Report: Turkish Jets Hit Kurdish Rebel Targets in Northern Iraq

Turkish warplanes bombed Kurdish rebel targets in northern Iraq on Wednesday, a Kurdish news agency reported.

The Firat news agency said jets hit the Hakurk region of northern Iraq for 45 minutes. The area is where the borders of Iraq, Turkey and Iran meet and where the rebels of the Kurdistan Workers' Party maintain a major camp.

Firat, quoting Kurdish party officials, said the rebels "responded" to the airstrikes, but gave no details. There were no casualties, the agency said.

Earlier, Turkey's private Dogan news agency, quoting Iraqi Kurds, said four Turkish warplanes were involved in the attack.

Turkey's military did not immediately confirm the report.

The Kurdistan Workers' Party has been fighting for Kurdish self-rule in Turkey's southeast since 1984. The fighting has claimed tens of thousands of lives.

The group launches attacks on Turkey from bases in northern Iraq.

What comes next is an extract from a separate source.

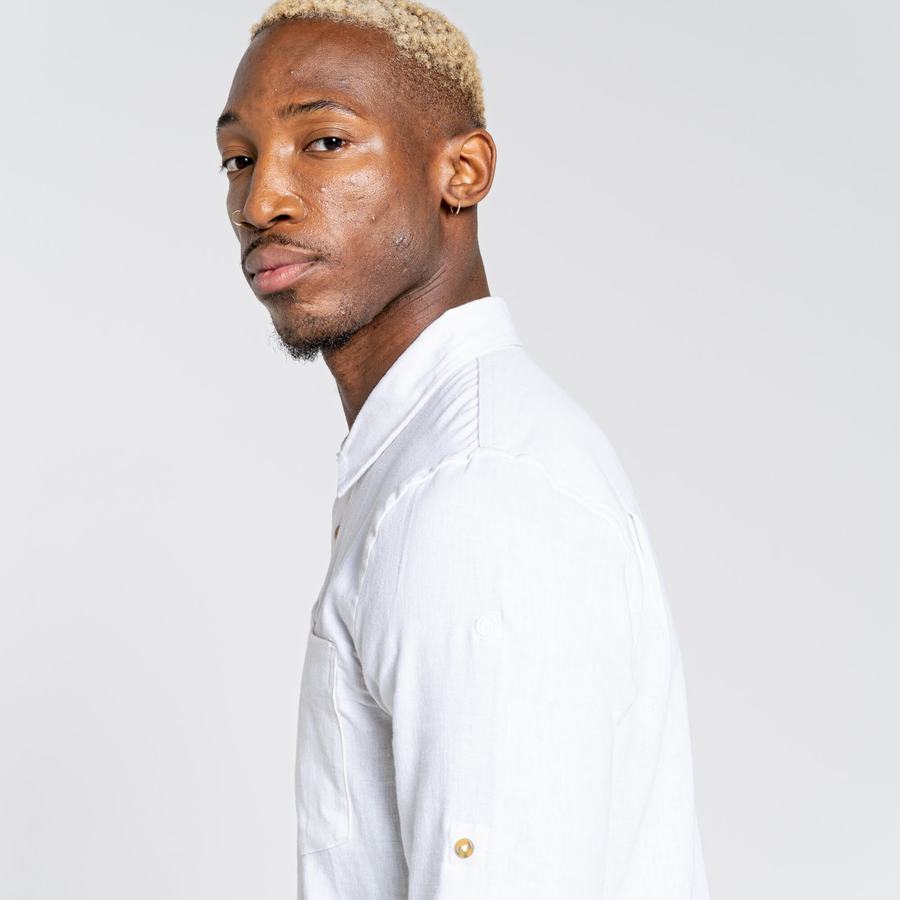 Camisas Craghoppers Nosibotanical Lagarto Long Sleeved Hombre Blancos | JVA10092OX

The Turkish military has periodically bombed and shelled suspected rebel positions there in the past few months. In February, it launched an eight-day ground incursion to hit rebel bases in Iraq.

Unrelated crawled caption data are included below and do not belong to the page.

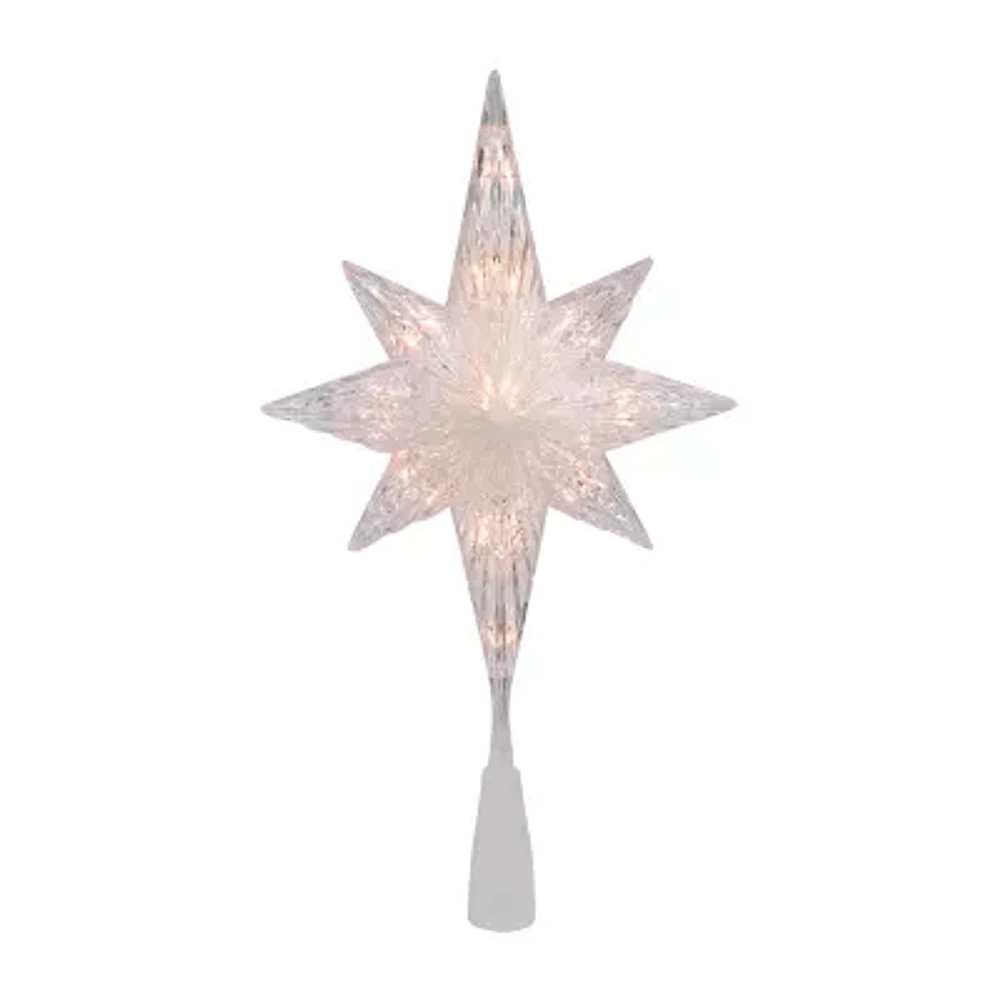 Northlight 11" 8 Point Bethlehem Star Clear Lights  Green Wire Christmas Tree Topper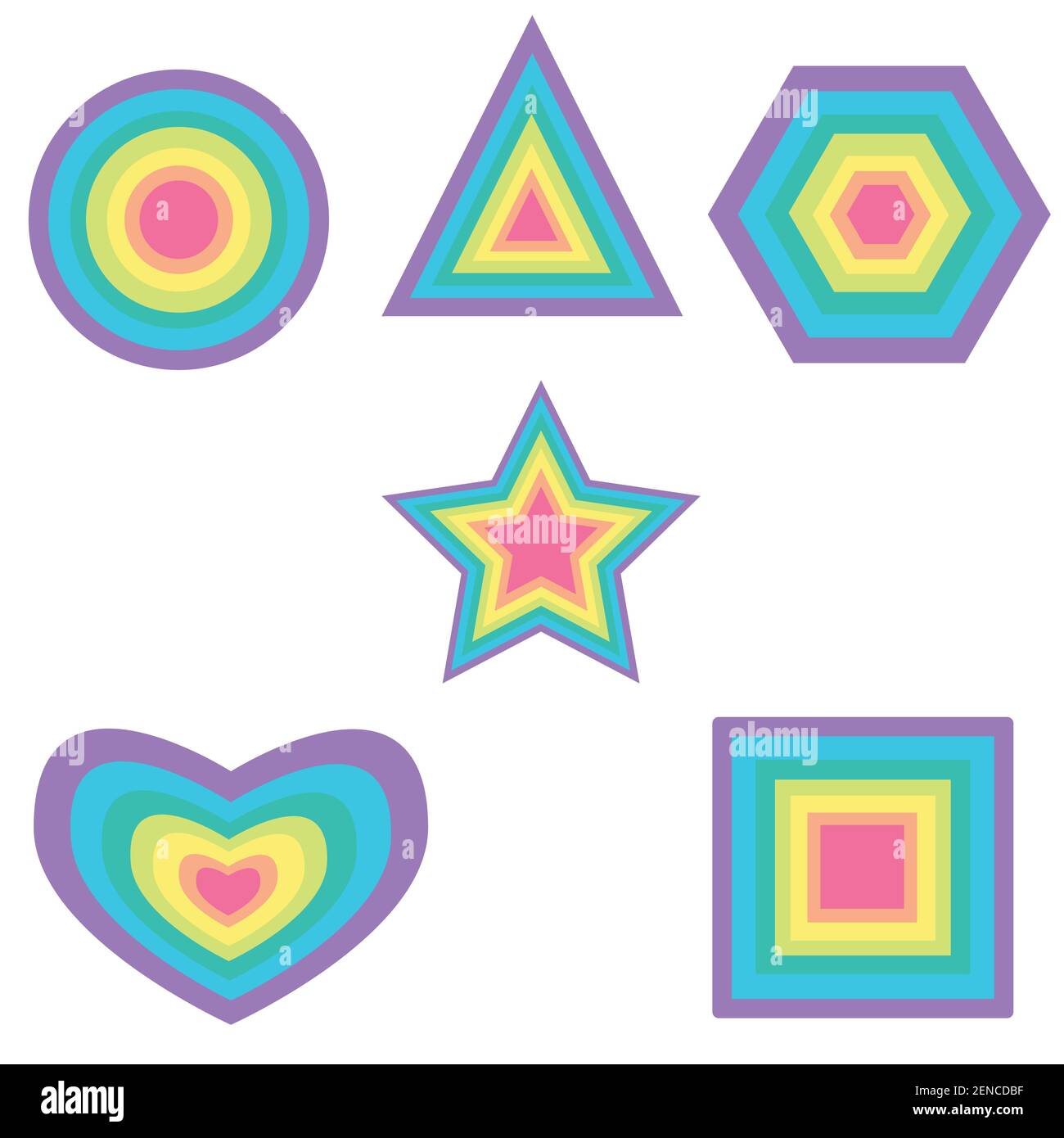 Set arcobaleno colore pastello figura - triangolo, cuore, poligono, quadrato, cerchio e stella. Modelli isolati. Vettore colorato logo disegno astratto Illustrazione Vettoriale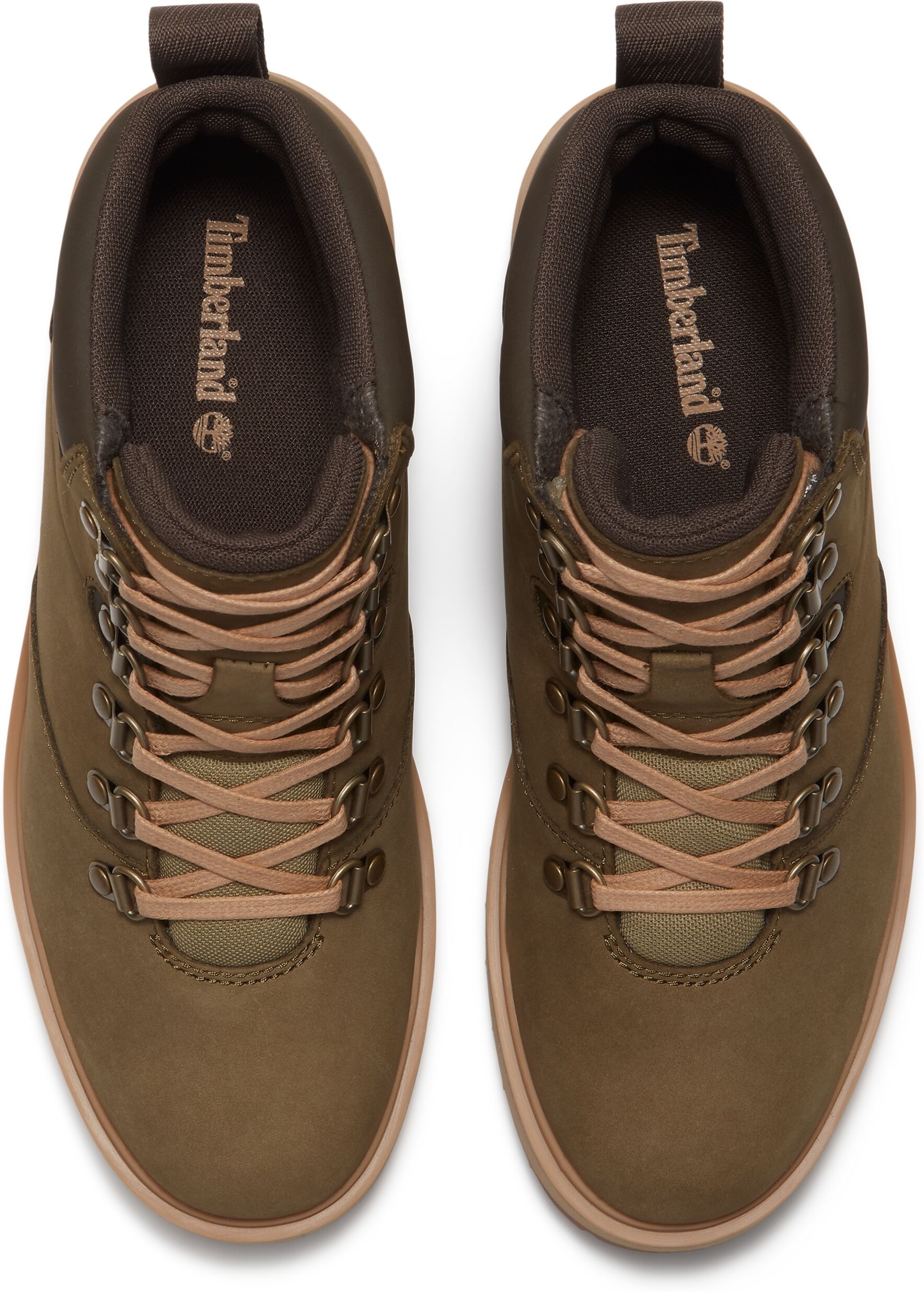 Schnürboots TIMBERLAND "CARNABY ROW - MID LACE BOOT", Damen, Gr. 36, Synthetik, braun (olive nubuck), Leder, Schuhe Schnürboots olive nubuck 36, Synthetik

The United States, which lists the Kurdistan Workers' Party as a terrorist group, has been sharing intelligence about the rebels with Turkey.

Last week, Turkish warplanes hit a group of Kurdish rebels reportedly trying to infiltrate Turkey from the Avasin-Basyan region of northern Iraq, the military said. There was no information about casualties.